Eduardo Cunha rejeitou
dezenas de pedidos de impeachment sobretudo porque todos faziam referências a
fatos anteriores ao mandato atual, o que está correto. No caso do pedido que
ele acolheu, assinado por Hélio Bicudo e por Miguel Reale Jr., há uma farta
lista de acusações se referindo a fatos pretéritos ao atual mandato da
presidente. Falam da compra da refinaria de Pasadena, por exemplo.
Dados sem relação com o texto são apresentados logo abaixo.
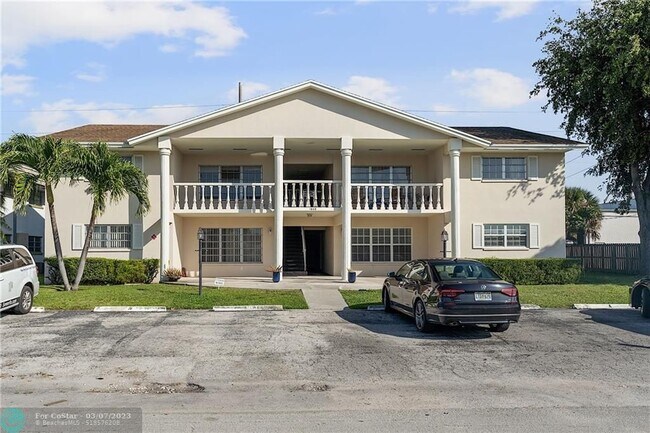 Building Photo - 1049 NW 30th Ct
Mas citam as pedaladas neste ano de 2015…
Só que nesse caso
trata-se dessas supostas pedaladas fiscais que estão ainda em um parecer
técnico do Tribunal de Contas da União que sequer foi julgado. E é um fato que
trata de um ano que ainda não terminou. As contas do governo de 2015 ainda não
foram analisadas pelo TCU nem muito menos julgadas pelo Congresso. Ou seja, é
de uma fragilidade extrema.
Quem vai entrar com as ações no STF?
O governo não vai
incentivar, mas naturalmente sabemos que isso vai acontecer porque fomos
procurados por deputados e partidos políticos. Cada um tomará conta de suas
ações. Inclusive, cidadãos comuns.
Como assim ‘cidadãos comuns’?
O crime de desvio de
poder está na lei que permite ação popular. Qualquer cidadão pode processar o
presidente da Câmara na primeira instância, pois nesse caso não há a
prerrogativa de foro. Creio que isso também possa acontecer.
O governo incentivará essa atitude?
O governo não vai
incentivar. Estou apenas dizendo que existe essa possibilidade, entre muitas
outras, para se questionar o impeachment proposto no plano judicial. Tenho
segurança que vai ocorrer uma ampla judicialização.